Devlet Su İşleri (DSİ) 21. Bölge Müdürlüğünden emekli inşaat mühendisi Halil Sezai Oktay, su kalmadığında, Büyük Menderes’in sularını mendilleriyle süzüp içtiklerini belirterek, “Bugün ise parmağımızı sokmaya korkuyoruz” dedi. Oktay, Büyük Menderes Nehri’ndeki acı tabloyu gözler önüne serdi.

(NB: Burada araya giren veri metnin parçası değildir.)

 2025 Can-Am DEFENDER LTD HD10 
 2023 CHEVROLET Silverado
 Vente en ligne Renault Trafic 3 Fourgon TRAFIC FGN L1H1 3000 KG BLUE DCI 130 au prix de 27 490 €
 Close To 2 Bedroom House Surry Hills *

Ekosistemi Koruma ve Doğasevenler Derneğinin (EKODOSD) düzenlediği ‘Çarşamba Söyleşileri’nde bu hafta DSİ 21. Bölge Müdürlüğünden emekli inşaat mühendisi Halil Sezai Oktay konuk oldu. Oktay, söyleşide doğaseverlere Mahmut Dağı’nın serin suları ve temiz havasının can verdiği, etrafı dağlar ve ormanlarla çevrili doğanın içinde yer alan ballarıyla ünlü Dereköy’de yaşanan değişimi ve bu köyde doğan cumhuriyetin 2. kuşağı bir kişinin yaşam öyküsünü anlattı.

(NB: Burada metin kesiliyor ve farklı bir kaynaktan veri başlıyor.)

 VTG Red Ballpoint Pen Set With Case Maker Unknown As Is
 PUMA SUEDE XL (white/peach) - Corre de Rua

BÖLGENİN 30 YILLIK DEĞİŞİMİNİ ANLATTI
Aynı coğrafyada yer alan 1926-35 yıllarında İzmir Valisi olarak görev yapan Kazım Dirik Paşa’nın yaptırmış olduğu meşhur Çinili Tak’ın neden yok olduğunu, hemen yakınındaki binlerce yıl öncesinden günümüze kadar gelerek 2019 yılında defineciler tarafından parçalanan Karabel geçidinde yer alan Hitit Kabartması’nın başına gelenleri film kesiti gibi doğaseverlerin gözlerinin önüne getirdi. Aydın DSİ 21. Bölge Müdürlüğü Planlama Şube Müdürlüğünde görev yaptığı dönemlerde, Büyük Menderes Havzası’nda yer alan barajlarla ilgili yapılan çalışmaları, barajların işleyişini, olumlu olumsuz etkilerini, suyun önemini ve bölgede bu konuda yaşanan yaklaşık 30 yıllık değişimleri anlattı.
NEREDEN NEREYE
Oktay’ın görev yaptığı 1982 yılında sıcak bir yaz gününde yaptıkları arazi çalışmasında yanlarında su kalmadığında, Büyük Menderes’in sularını mendilleriyle süzüp içtiklerini, bugün ise parmağını sokmaya korktuğunu söylemesi, Batı Anadolu’nun en önemli nehrinin çok kısa sürede ne hale getirildiğinin somut göstergesi olarak doğaseverlerin hafızasına kazındı. Yapılan söyleşiden sonra Halil Sezai Oktay’a, Perihan Yavuzdoğan tarafından EKODOSD’un teşekkür belgesi takdim edildi.